§ **What the exercise asks**
Transcribe exactly, please, the line bearing "S5810-48FS, 48-Port Gigabit" and all later lines through the end of the records, with the pictures left out.

[Opening Listed records section]

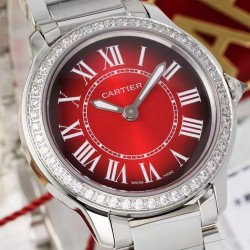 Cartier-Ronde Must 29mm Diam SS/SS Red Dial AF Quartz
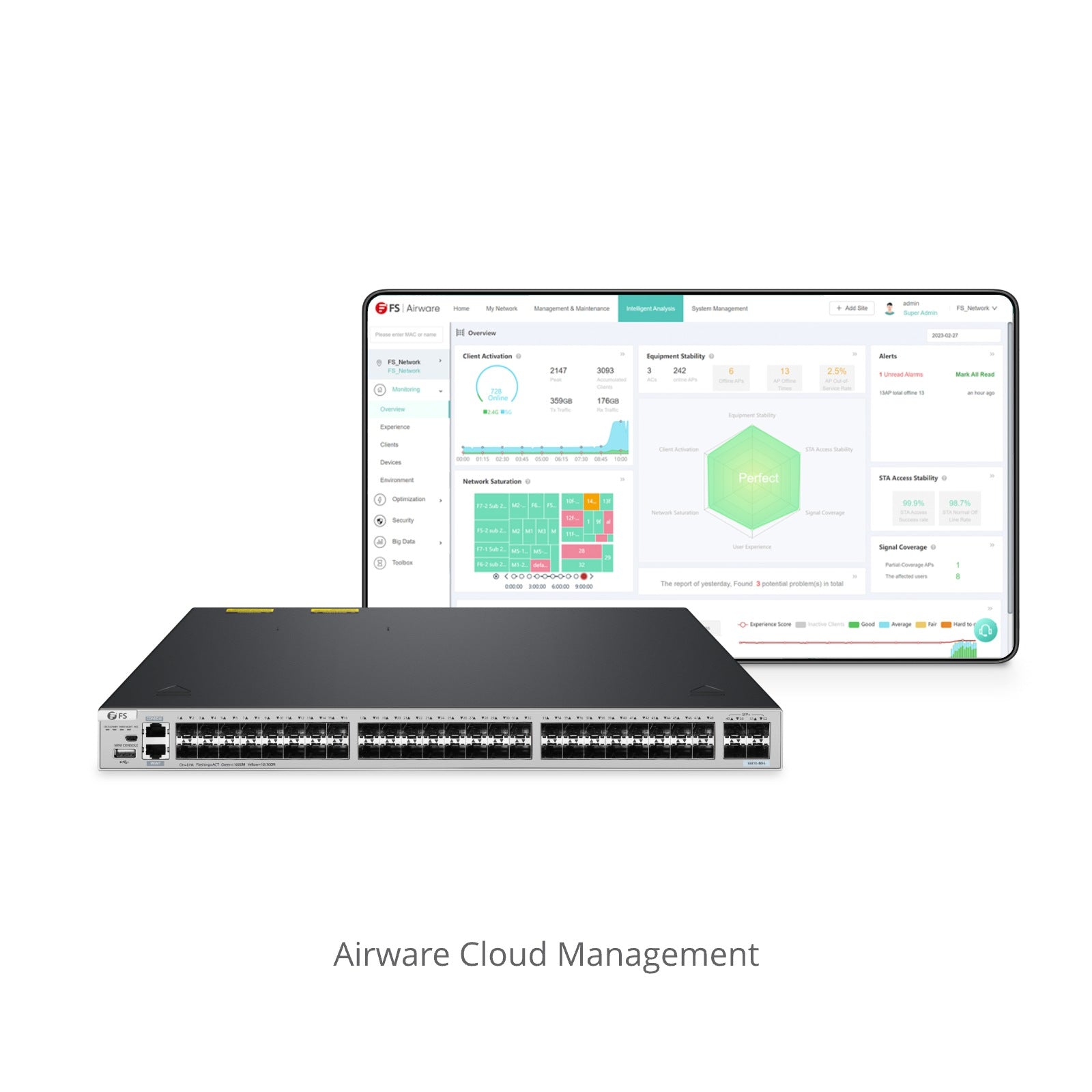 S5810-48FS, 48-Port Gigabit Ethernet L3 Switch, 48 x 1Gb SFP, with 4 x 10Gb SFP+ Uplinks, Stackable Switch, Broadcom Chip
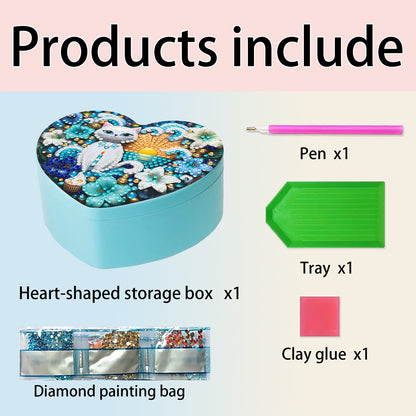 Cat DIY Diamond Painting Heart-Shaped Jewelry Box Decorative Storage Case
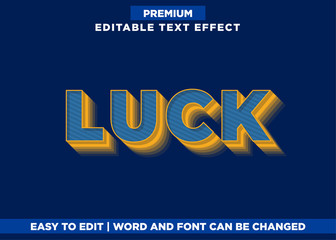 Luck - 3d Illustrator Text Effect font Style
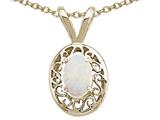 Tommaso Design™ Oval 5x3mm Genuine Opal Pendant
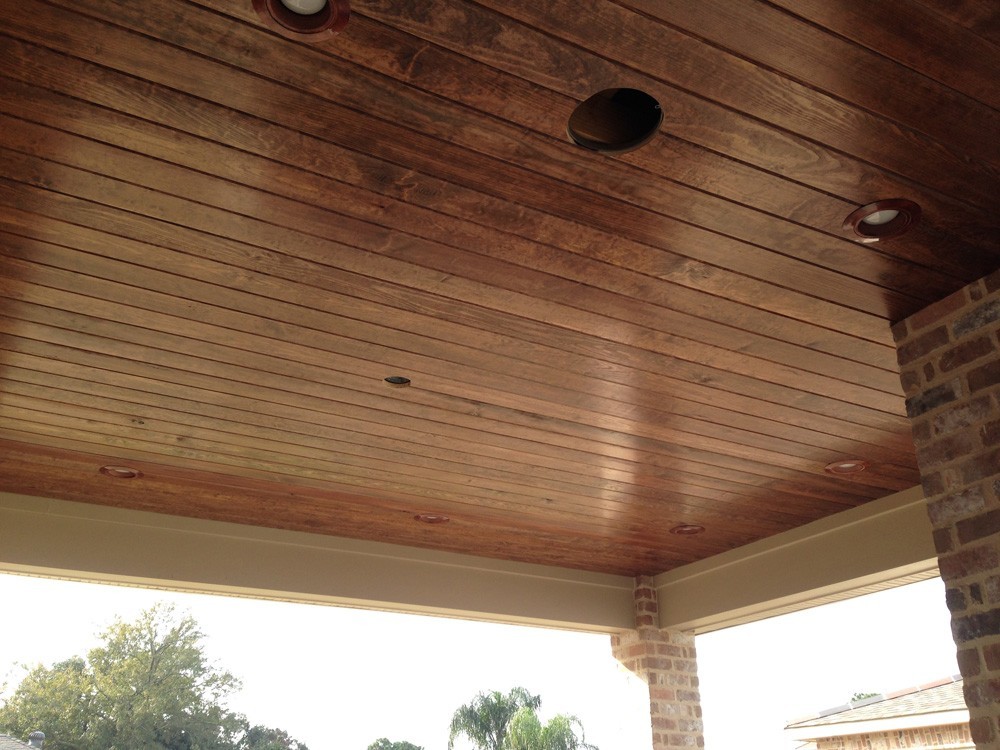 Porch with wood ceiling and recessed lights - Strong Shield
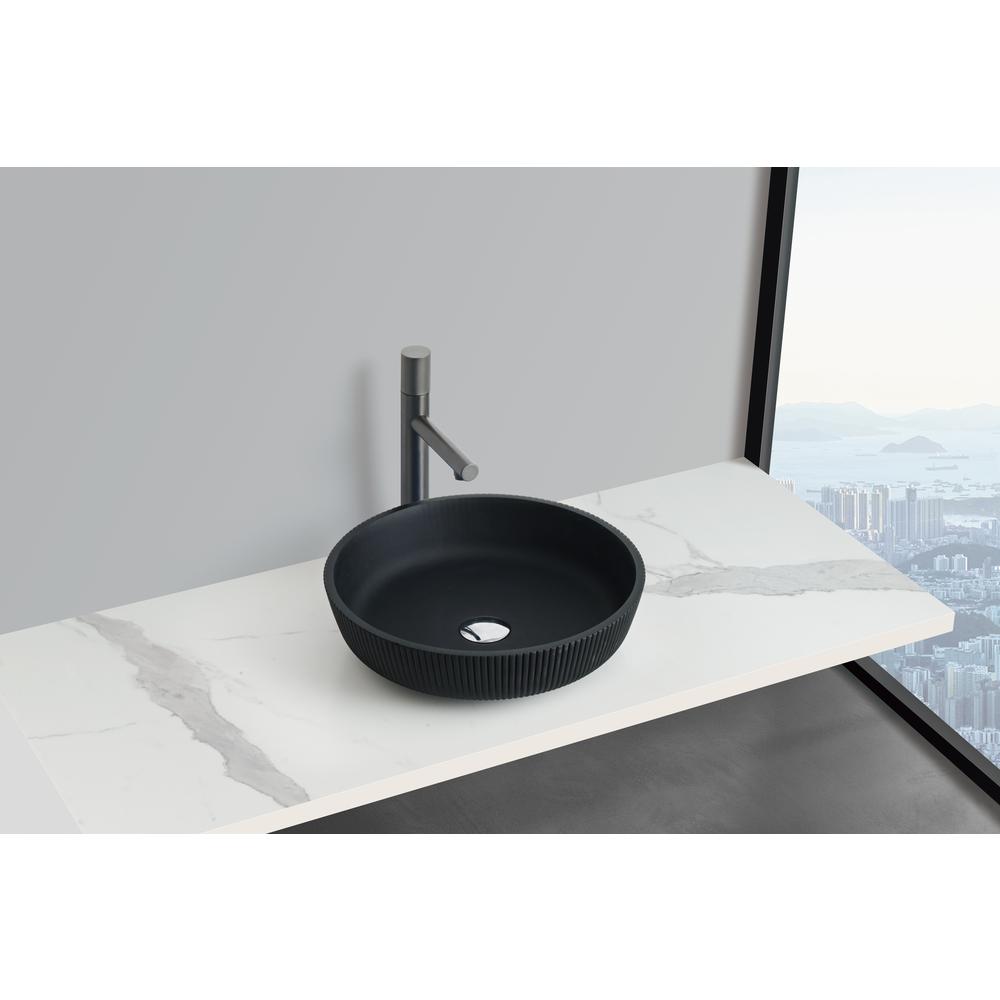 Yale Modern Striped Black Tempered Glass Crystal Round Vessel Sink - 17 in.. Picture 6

[Closing Listed records section]

§ **Exercise response**
 S5810-48FS, 48-Port Gigabit Ethernet L3 Switch, 48 x 1Gb SFP, with 4 x 10Gb SFP+ Uplinks, Stackable Switch, Broadcom Chip
 Cat DIY Diamond Painting Heart-Shaped Jewelry Box Decorative Storage Case
 Luck - 3d Illustrator Text Effect font Style
 Tommaso Design™ Oval 5x3mm Genuine Opal Pendant
 Porch with wood ceiling and recessed lights - Strong Shield
 Yale Modern Striped Black Tempered Glass Crystal Round Vessel Sink - 17 in.. Picture 6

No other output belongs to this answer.